-------- Given material --------

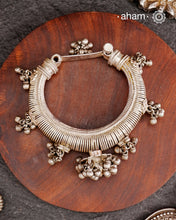 A statement vintage silver kada with intricate work, handcrafted by skilful artisans. Beautiful piece from a bygone era, that bring back memories and stories of that time.
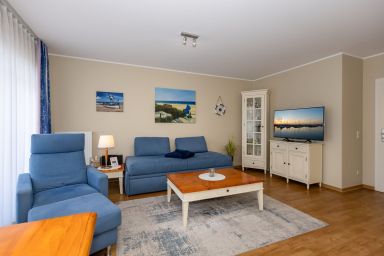 Urlaubsräume am Meer - Schöne Ferienwohnung am Yachthafen mit Balkon und Blick bis zur nahen Ostsee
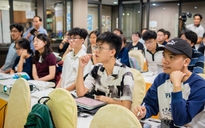 Sinh viên tiếp cận khoa học từ các trường học mùa hè tại ICISE
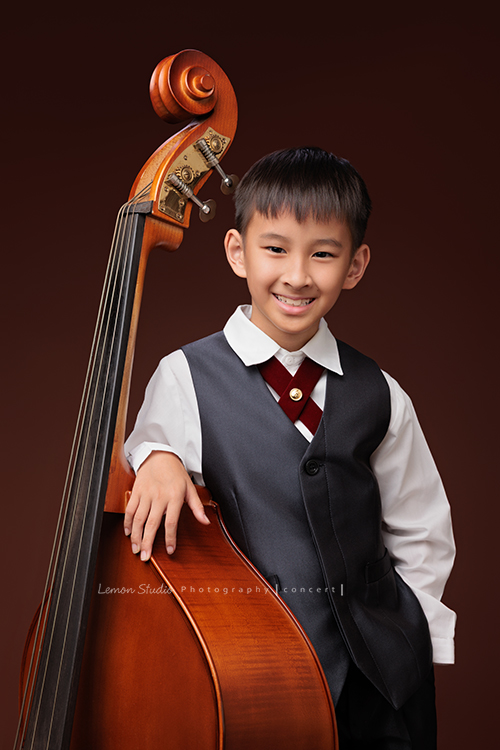 活潑且文武雙全的 Benedict 來拍照，同一天拍攝了棒球寫真＆大提琴的音樂寫真，這張是Benedict一手扶大提琴、一手放在口袋，帥氣地對著鏡頭微笑的音樂寫真照！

--------

> **Task item**:
Restate every line above exactly, omitting images.

> **Response to the exercise**:
 A statement vintage silver kada with intricate work, handcrafted by skilful artisans. Beautiful piece from a bygone era, that bring back memories and stories of that time.
 Urlaubsräume am Meer - Schöne Ferienwohnung am Yachthafen mit Balkon und Blick bis zur nahen Ostsee
 Sinh viên tiếp cận khoa học từ các trường học mùa hè tại ICISE
 活潑且文武雙全的 Benedict 來拍照，同一天拍攝了棒球寫真＆大提琴的音樂寫真，這張是Benedict一手扶大提琴、一手放在口袋，帥氣地對著鏡頭微笑的音樂寫真照！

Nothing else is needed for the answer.